Action item >> Once you find the line with "Oficina en alquiler" in the listing below, set down exactly every line from it through the line with "Luna de sangre", but no pictures.

Dataset excerpts >>
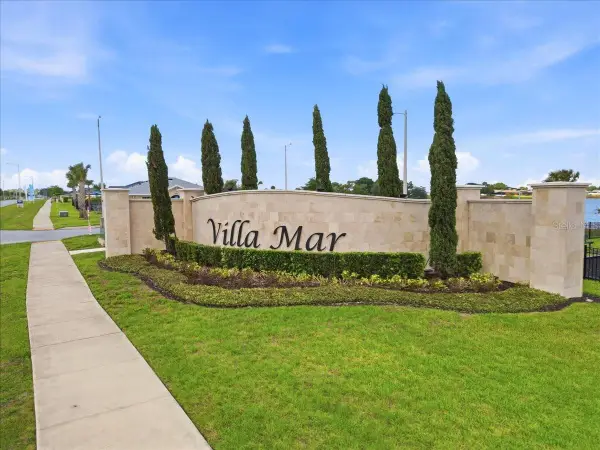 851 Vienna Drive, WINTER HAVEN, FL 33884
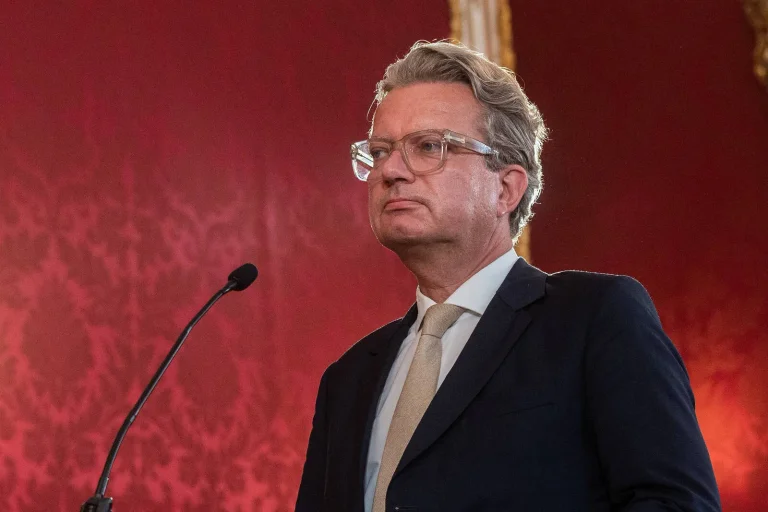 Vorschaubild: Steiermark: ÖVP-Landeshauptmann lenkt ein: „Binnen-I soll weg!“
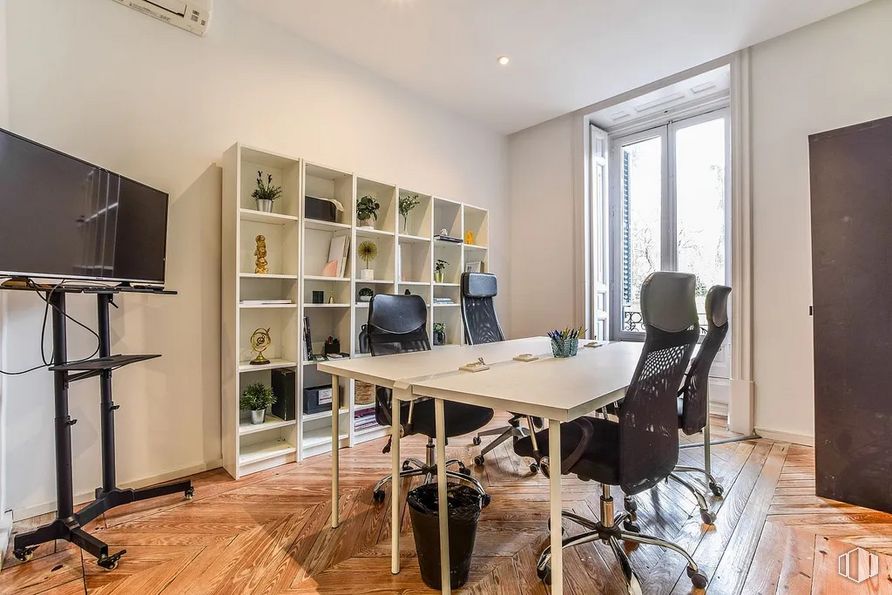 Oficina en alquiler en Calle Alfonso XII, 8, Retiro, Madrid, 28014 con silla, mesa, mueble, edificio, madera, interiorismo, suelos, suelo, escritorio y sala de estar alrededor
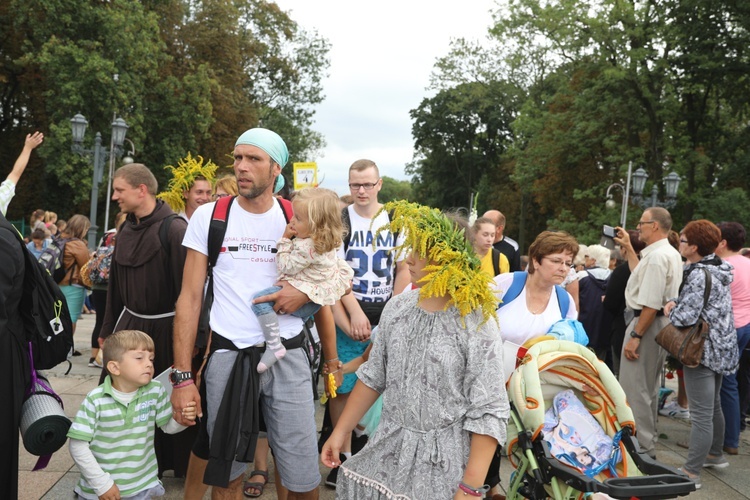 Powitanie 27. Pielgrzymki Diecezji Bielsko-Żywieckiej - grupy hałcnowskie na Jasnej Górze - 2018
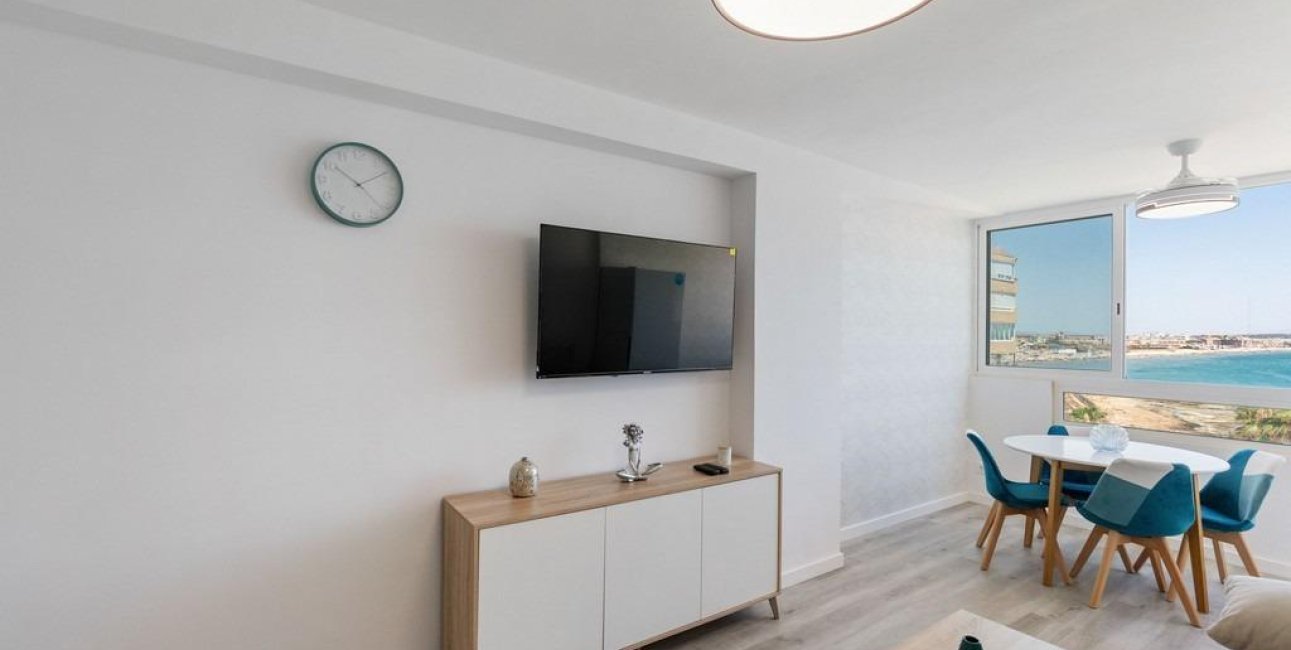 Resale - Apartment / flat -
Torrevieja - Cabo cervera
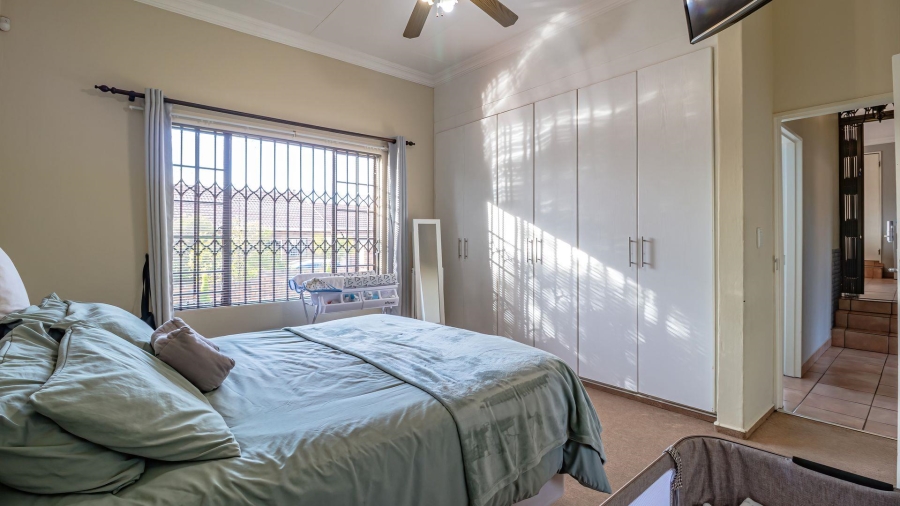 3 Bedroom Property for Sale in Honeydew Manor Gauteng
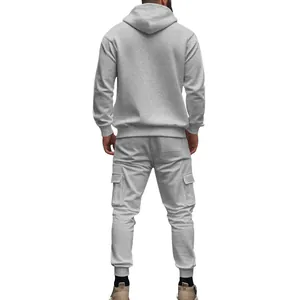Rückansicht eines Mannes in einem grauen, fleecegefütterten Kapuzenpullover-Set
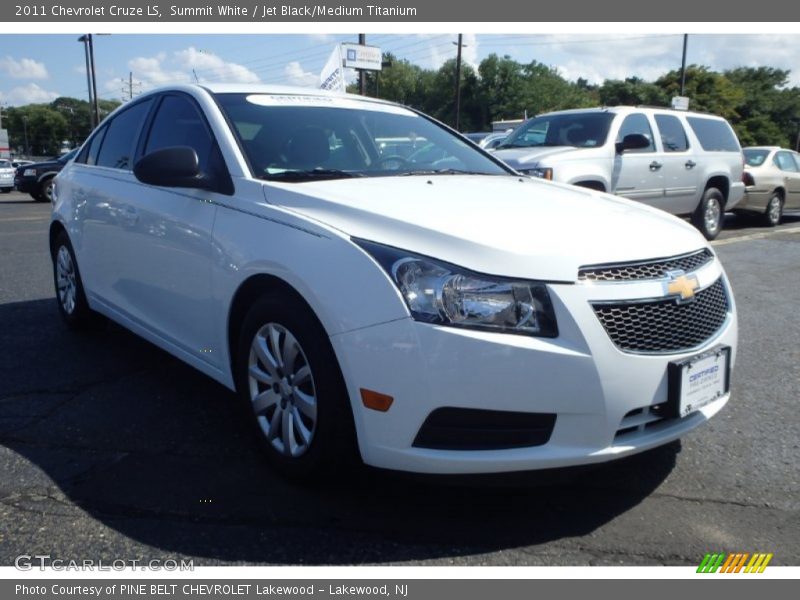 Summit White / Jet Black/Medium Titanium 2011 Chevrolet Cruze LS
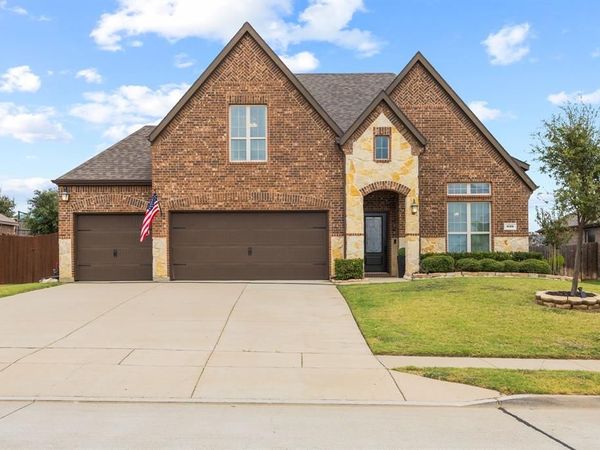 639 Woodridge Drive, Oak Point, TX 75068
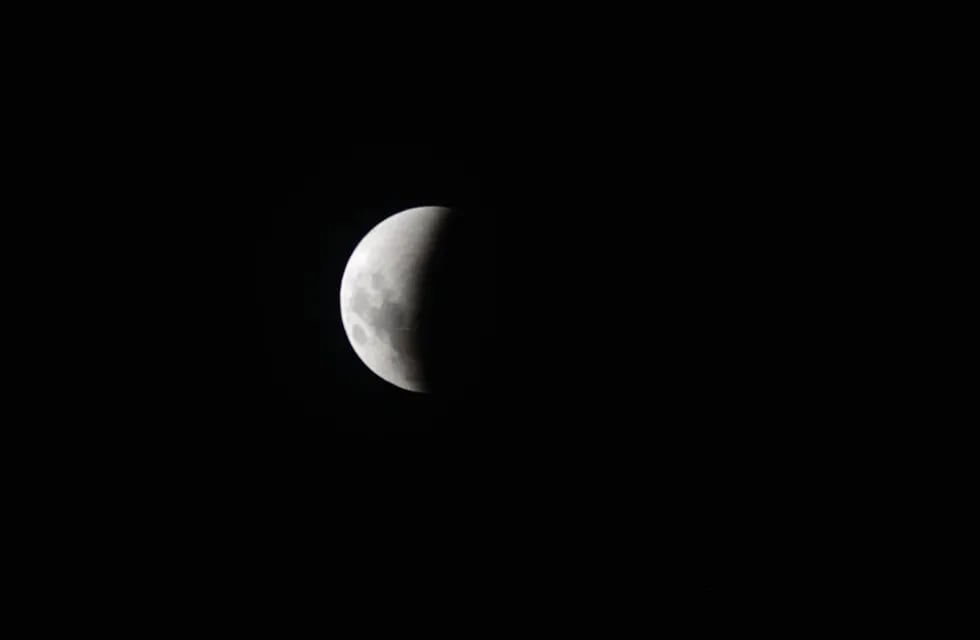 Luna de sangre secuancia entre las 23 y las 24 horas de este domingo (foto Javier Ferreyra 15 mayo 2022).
---
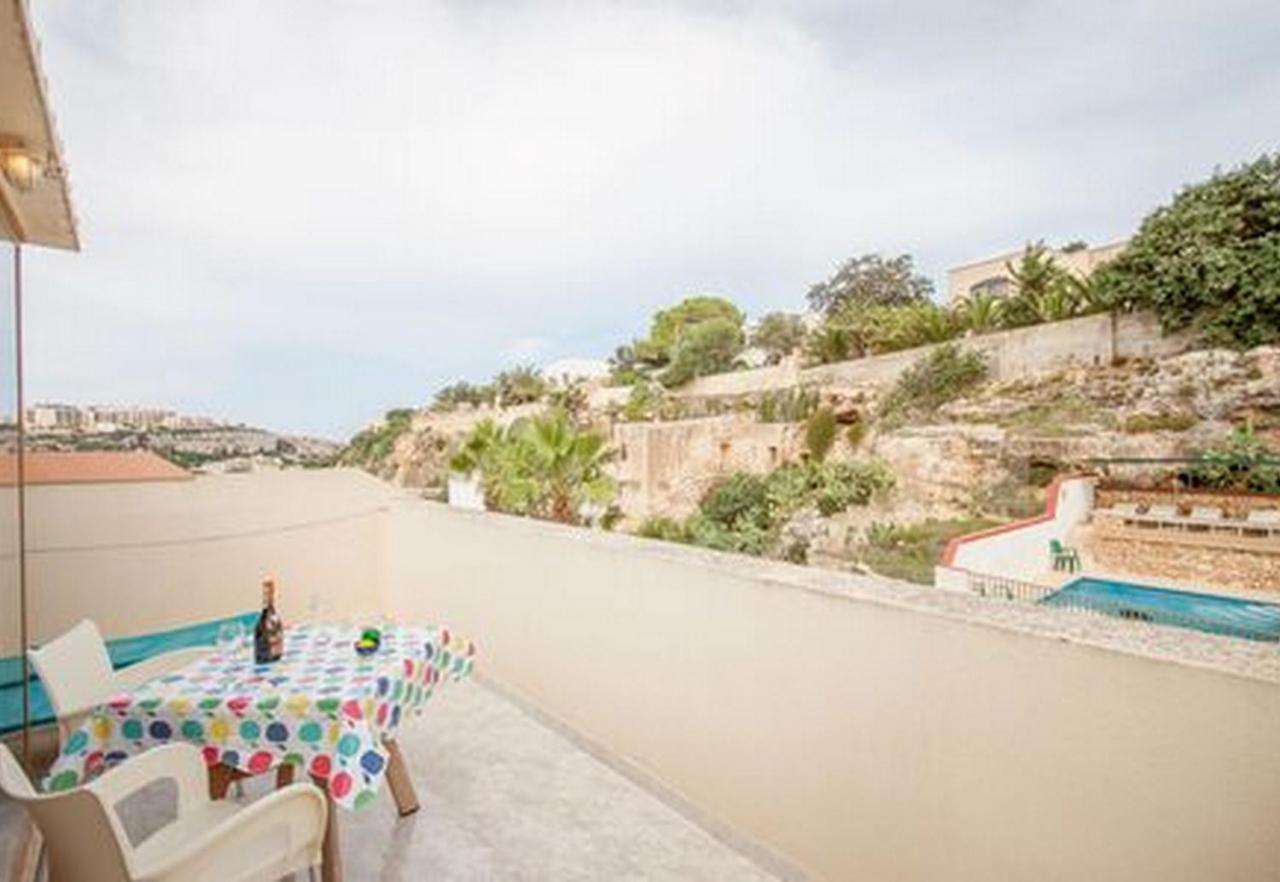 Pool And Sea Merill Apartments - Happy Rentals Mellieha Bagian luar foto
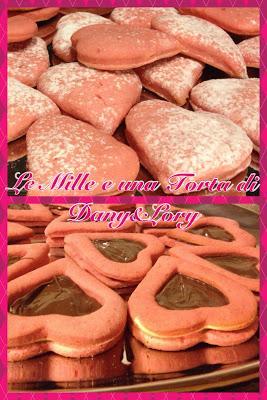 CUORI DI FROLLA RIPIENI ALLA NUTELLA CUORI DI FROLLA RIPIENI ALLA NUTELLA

Finished exercise >>
 Oficina en alquiler en Calle Alfonso XII, 8, Retiro, Madrid, 28014 con silla, mesa, mueble, edificio, madera, interiorismo, suelos, suelo, escritorio y sala de estar alrededor
 Powitanie 27. Pielgrzymki Diecezji Bielsko-Żywieckiej - grupy hałcnowskie na Jasnej Górze - 2018
 Resale - Apartment / flat -
Torrevieja - Cabo cervera
 3 Bedroom Property for Sale in Honeydew Manor Gauteng
Rückansicht eines Mannes in einem grauen, fleecegefütterten Kapuzenpullover-Set
 Summit White / Jet Black/Medium Titanium 2011 Chevrolet Cruze LS
 639 Woodridge Drive, Oak Point, TX 75068
 Luna de sangre secuancia entre las 23 y las 24 horas de este domingo (foto Javier Ferreyra 15 mayo 2022).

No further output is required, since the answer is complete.